*** Opening of Data shown ***
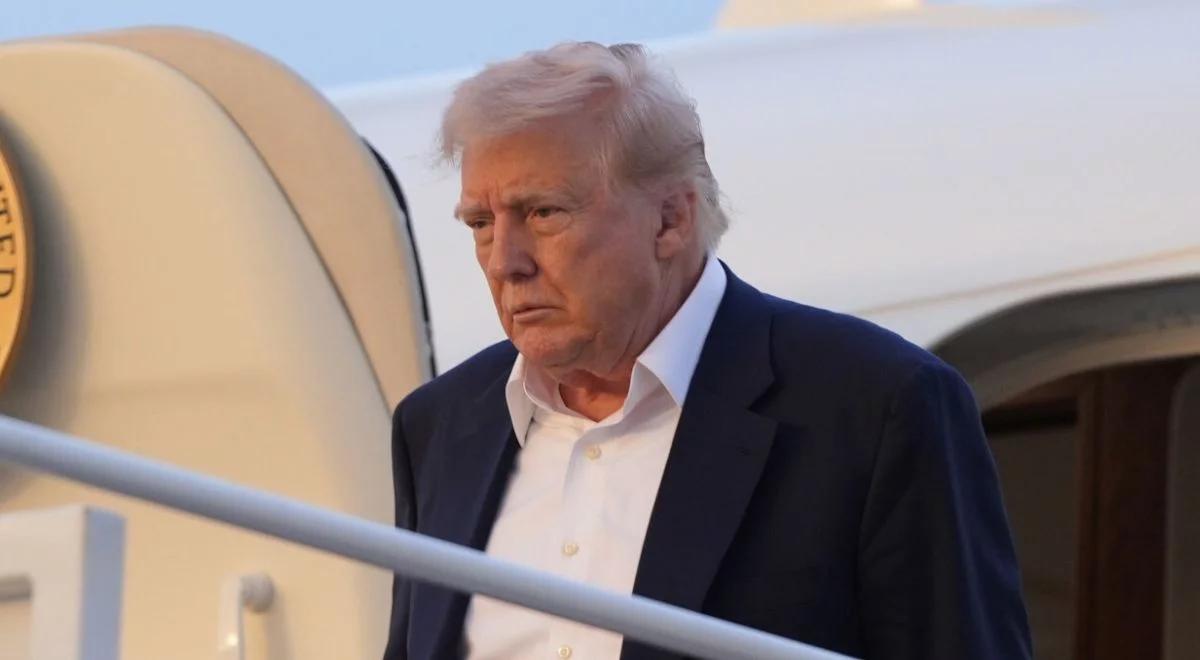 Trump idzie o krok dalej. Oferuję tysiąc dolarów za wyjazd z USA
*** Close of Data shown ***
*** Opening of Data shown ***
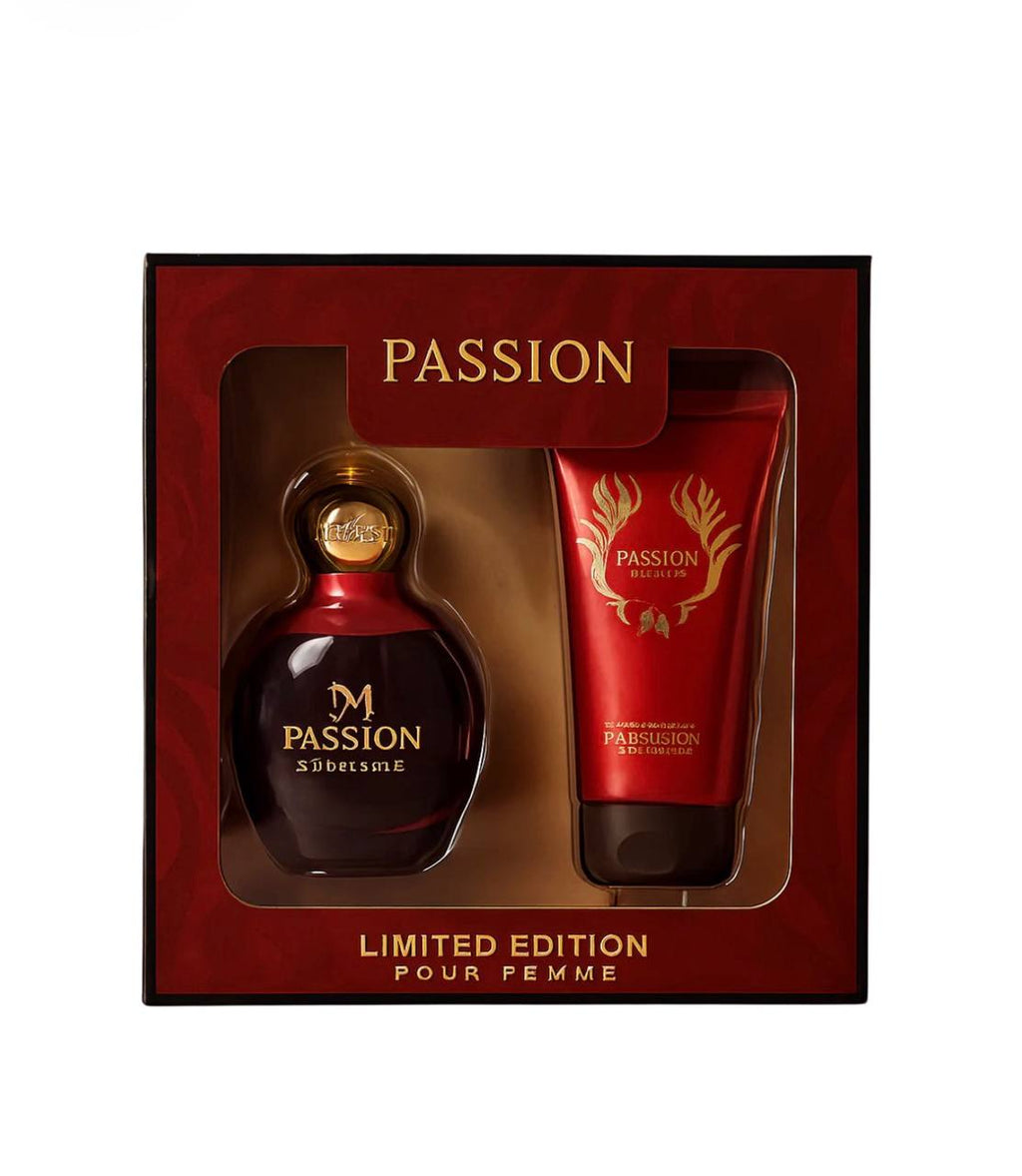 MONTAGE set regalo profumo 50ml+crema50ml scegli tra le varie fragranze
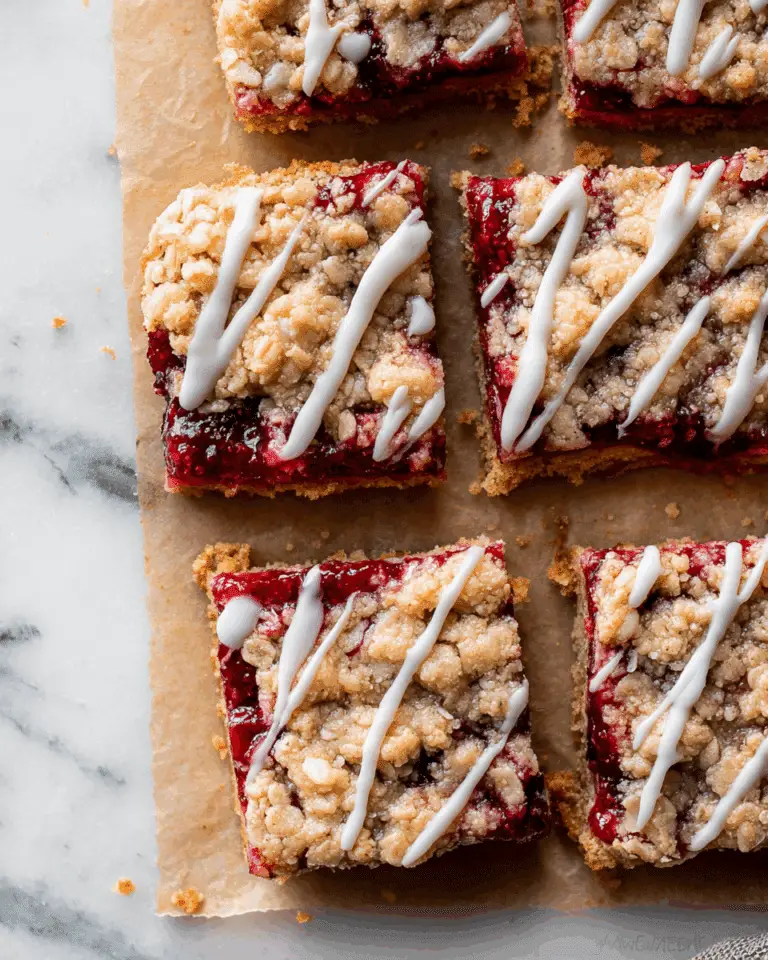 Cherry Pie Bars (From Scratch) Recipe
*** Close of Data shown ***
- _What needs to be done_
Your answer should be the lines above, word for word, from the line with "MONTAGE set regalo" through the line with "Cherry Pie Bars (From Scratch) Recipe", minus the pictures.

- _Finished task_
 MONTAGE set regalo profumo 50ml+crema50ml scegli tra le varie fragranze
 Cherry Pie Bars (From Scratch) Recipe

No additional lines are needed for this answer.